■ **ASSIGNED TASK**
Transcribe the records below exactly.

Source records:
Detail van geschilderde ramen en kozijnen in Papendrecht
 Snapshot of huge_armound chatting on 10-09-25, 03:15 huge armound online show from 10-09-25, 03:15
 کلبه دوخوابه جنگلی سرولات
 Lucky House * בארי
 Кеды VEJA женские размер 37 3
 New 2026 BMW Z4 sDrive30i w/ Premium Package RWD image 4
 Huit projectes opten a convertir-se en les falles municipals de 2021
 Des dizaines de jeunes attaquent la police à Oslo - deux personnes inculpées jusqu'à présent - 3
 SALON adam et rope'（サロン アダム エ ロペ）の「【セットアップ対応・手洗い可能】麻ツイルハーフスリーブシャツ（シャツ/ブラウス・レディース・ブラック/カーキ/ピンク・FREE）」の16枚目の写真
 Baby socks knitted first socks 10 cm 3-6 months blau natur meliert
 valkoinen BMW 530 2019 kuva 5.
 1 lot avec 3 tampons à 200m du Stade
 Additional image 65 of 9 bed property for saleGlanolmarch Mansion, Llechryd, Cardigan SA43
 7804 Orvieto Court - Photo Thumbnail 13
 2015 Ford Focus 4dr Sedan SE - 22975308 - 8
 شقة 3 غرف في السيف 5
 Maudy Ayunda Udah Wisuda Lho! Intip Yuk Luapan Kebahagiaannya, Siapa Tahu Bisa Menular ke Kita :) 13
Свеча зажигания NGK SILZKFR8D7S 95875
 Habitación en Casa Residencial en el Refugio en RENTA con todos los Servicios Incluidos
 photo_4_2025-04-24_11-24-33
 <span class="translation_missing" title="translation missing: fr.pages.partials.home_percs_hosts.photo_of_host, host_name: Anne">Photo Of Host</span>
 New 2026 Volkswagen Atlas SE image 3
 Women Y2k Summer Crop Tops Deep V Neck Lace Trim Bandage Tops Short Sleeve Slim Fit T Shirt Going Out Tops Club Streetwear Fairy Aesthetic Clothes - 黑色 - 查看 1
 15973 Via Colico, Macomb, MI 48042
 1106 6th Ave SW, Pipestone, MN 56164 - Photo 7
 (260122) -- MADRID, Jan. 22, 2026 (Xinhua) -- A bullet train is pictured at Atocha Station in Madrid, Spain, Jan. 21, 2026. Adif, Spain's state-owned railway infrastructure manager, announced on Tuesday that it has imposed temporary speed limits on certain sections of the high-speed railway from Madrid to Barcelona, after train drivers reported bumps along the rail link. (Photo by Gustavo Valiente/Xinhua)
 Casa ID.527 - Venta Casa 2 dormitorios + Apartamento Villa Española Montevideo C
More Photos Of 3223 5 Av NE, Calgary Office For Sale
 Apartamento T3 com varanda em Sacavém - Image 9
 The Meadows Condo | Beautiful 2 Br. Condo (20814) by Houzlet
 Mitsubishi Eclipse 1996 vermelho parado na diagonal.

■ **OUTPUT**
Detail van geschilderde ramen en kozijnen in Papendrecht
 Snapshot of huge_armound chatting on 10-09-25, 03:15 huge armound online show from 10-09-25, 03:15
 کلبه دوخوابه جنگلی سرولات
 Lucky House * בארי
 Кеды VEJA женские размер 37 3
 New 2026 BMW Z4 sDrive30i w/ Premium Package RWD image 4
 Huit projectes opten a convertir-se en les falles municipals de 2021
 Des dizaines de jeunes attaquent la police à Oslo - deux personnes inculpées jusqu'à présent - 3
 SALON adam et rope'（サロン アダム エ ロペ）の「【セットアップ対応・手洗い可能】麻ツイルハーフスリーブシャツ（シャツ/ブラウス・レディース・ブラック/カーキ/ピンク・FREE）」の16枚目の写真
 Baby socks knitted first socks 10 cm 3-6 months blau natur meliert
 valkoinen BMW 530 2019 kuva 5.
 1 lot avec 3 tampons à 200m du Stade
 Additional image 65 of 9 bed property for saleGlanolmarch Mansion, Llechryd, Cardigan SA43
 7804 Orvieto Court - Photo Thumbnail 13
 2015 Ford Focus 4dr Sedan SE - 22975308 - 8
 شقة 3 غرف في السيف 5
 Maudy Ayunda Udah Wisuda Lho! Intip Yuk Luapan Kebahagiaannya, Siapa Tahu Bisa Menular ke Kita :) 13
Свеча зажигания NGK SILZKFR8D7S 95875
 Habitación en Casa Residencial en el Refugio en RENTA con todos los Servicios Incluidos
 photo_4_2025-04-24_11-24-33
 <span class="translation_missing" title="translation missing: fr.pages.partials.home_percs_hosts.photo_of_host, host_name: Anne">Photo Of Host</span>
 New 2026 Volkswagen Atlas SE image 3
 Women Y2k Summer Crop Tops Deep V Neck Lace Trim Bandage Tops Short Sleeve Slim Fit T Shirt Going Out Tops Club Streetwear Fairy Aesthetic Clothes - 黑色 - 查看 1
 15973 Via Colico, Macomb, MI 48042
 1106 6th Ave SW, Pipestone, MN 56164 - Photo 7
 (260122) -- MADRID, Jan. 22, 2026 (Xinhua) -- A bullet train is pictured at Atocha Station in Madrid, Spain, Jan. 21, 2026. Adif, Spain's state-owned railway infrastructure manager, announced on Tuesday that it has imposed temporary speed limits on certain sections of the high-speed railway from Madrid to Barcelona, after train drivers reported bumps along the rail link. (Photo by Gustavo Valiente/Xinhua)
 Casa ID.527 - Venta Casa 2 dormitorios + Apartamento Villa Española Montevideo C
More Photos Of 3223 5 Av NE, Calgary Office For Sale
 Apartamento T3 com varanda em Sacavém - Image 9
 The Meadows Condo | Beautiful 2 Br. Condo (20814) by Houzlet
 Mitsubishi Eclipse 1996 vermelho parado na diagonal.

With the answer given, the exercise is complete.